More than 15 years later, it is striking how much that has changed. Not long ago, South African political commentator Eusebius McKaiser conducted interviews with dozens of high-ranking diplomats and politicians on the country's response to the Libyan crisis. "None of my interviewees articulated moral values or principles as the basis of our foreign-policy behavior," he reported. "It is clear to me," he concluded, "that we do not have a moral foreign policy."
So what's changed? It began when Mandela made way in 1999 for President Thabo Mbeki. Mbeki had always chafed against Mandela's grandeur and saintliness, often kvetching privately about what he called the "one good native" syndrome, the West's belief that Africa was mostly a dirty place, but there was one good African -- Mandela. Mbeki chafed, too, against the notion that saintliness ought to define the South African character on the world stage. Rather than seek the West's love, Mbeki strove to be not blamelessly moral but daring -- an ambition that often manifested itself as contrarianism. In 2009, after the battle over sanctions against Zimbabwe, South Africa's U.N. ambassador explained the country's behavior: "We didn't do things the way the British and the Americans wanted us to do them, and if you don't do it like the big ones … then you are a cheeky African. Well, I am happy being a cheeky African."

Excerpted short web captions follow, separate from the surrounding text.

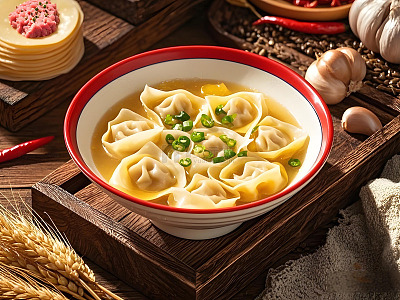 鸡汤云吞抄手摄影图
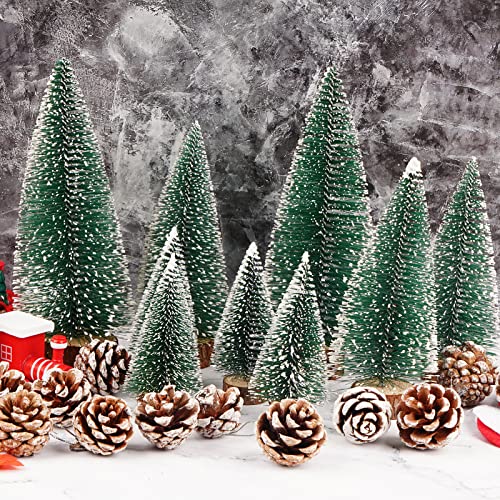 Pak van 10 kunstmatige Mini kerstboom met sneeuw, 18 stuks, natuurlijke dennenappels, miniatuur kerstversiering, decoratie voor feest, tafel, Garland, geschenk, Home, Tuin 4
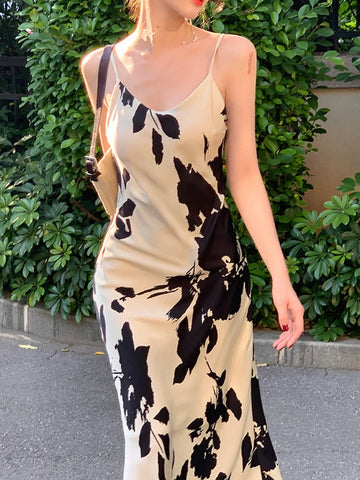 Vintage Elegant Print Spaghetti Strap Midi Dress for Women Party Fashion One Piece Bodycon Prom Robe Vestidos Summer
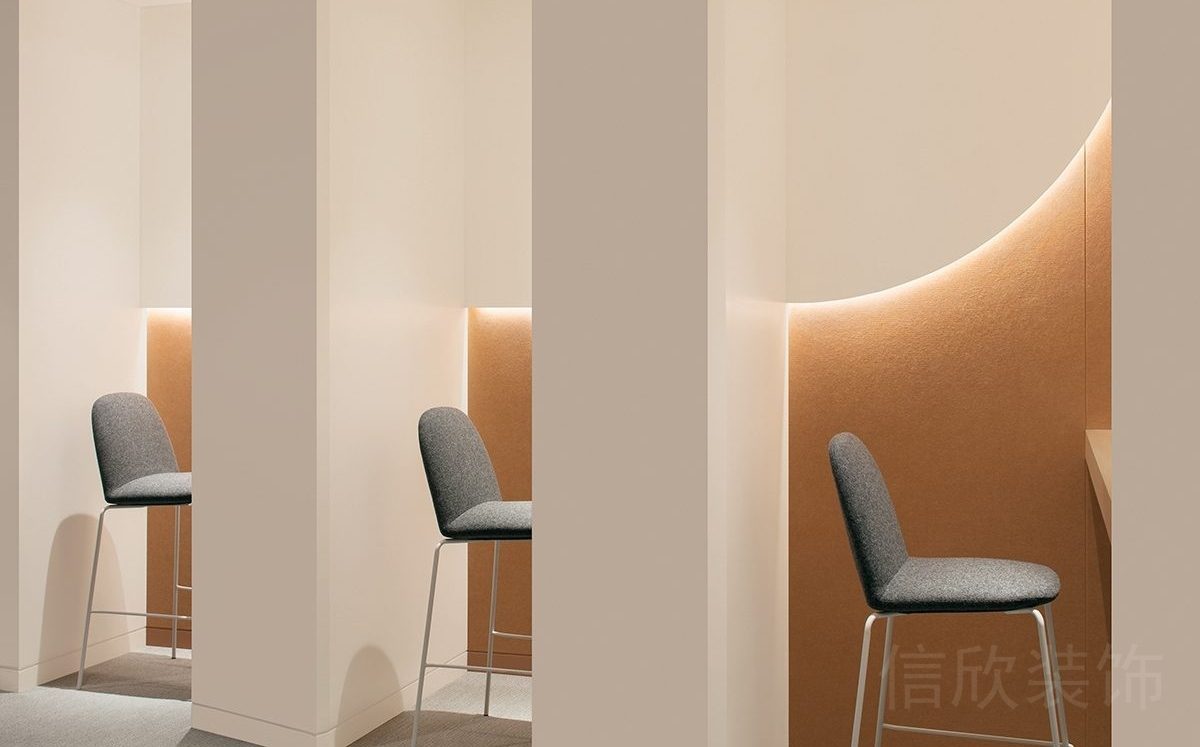 獨(dú)立自習(xí)室現(xiàn)代簡約風(fēng)分割設(shè)計(jì)效果環(huán)形半墻橙色燈飾設(shè)計(jì)圖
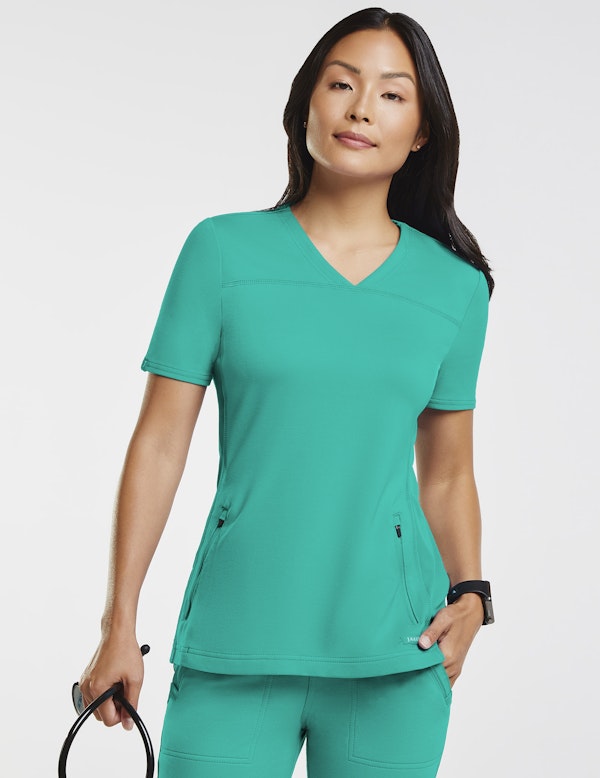 Women's Surgical Green 2Pocket SideRib Scrub Top Jaanuu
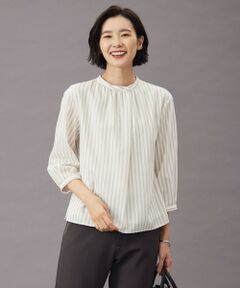 L size ONWARD(大きいサイズ) / エルサイズオンワード カットソー | TW ストライプ＆チェック カットソー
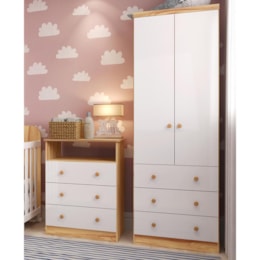 Jogo de Quarto Infantil Smim Guarda Roupa 2 Portas e Cômoda 3 Gavetas Branco Brilho/Amêndoa - Móveis Peroba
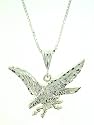 Diamond-cut Sterling-silver Flying American Eagle Pendant-necklace
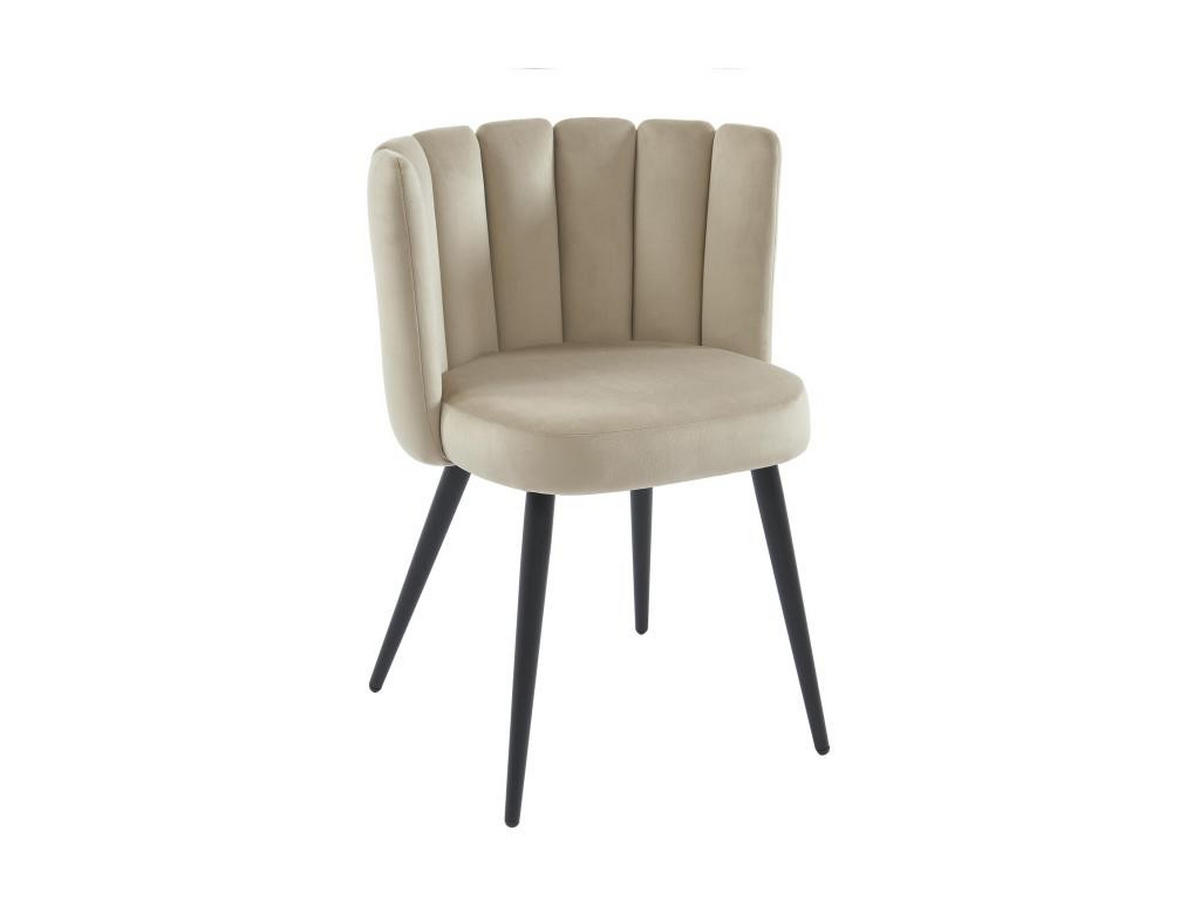 STUHL 2er-Set - Samt & Schwarzes Metall - Beige - PRANILA - Beige, Textil (55/78.5/59cm) - Pascal Morabito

Mbeki's thinking has held fast under his former party deputy and rival, current President Zuma, who is weak and uninterested in foreign policy. If anything, this approach has intensified since late 2010, when China formally invited South Africa to join the BRICS. This was heralded as an important moment for South Africa. "There can be no greater validation than to be invited as a partner by the BRIC nations," trumpeted one proud letter to a newspaper. "Emerging markets are countries of potential."
By sheer numbers alone, South Africa doesn't deserve to belong among the BRIC countries. Its GDP and rate of economic growth rank below other emerging economies like Indonesia and Argentina. It has fewer people than Thailand and Iran, fewer exports than Malaysia and Turkey, and one of the world's highest unemployment rates. The anointment was, instead, about potential; Johannesburg is considered the gateway to Africa, and Africa, whose middle class has swelled almost 40 percent over the last decade, is on the rise.
So when South Africa casts about for models these days, trying to figure out how it can be a regional leader with an economy that powers that leadership, China often comes up. The South African government is increasingly embarrassed by the levels of poverty that have persisted so long after the end of white-minority rule; the income gap has actually widened since 1994. China, meanwhile, represents a country that developed aggressively "on its own terms," as I've heard several South Africans put it, not those dictated by the World Bank or the West.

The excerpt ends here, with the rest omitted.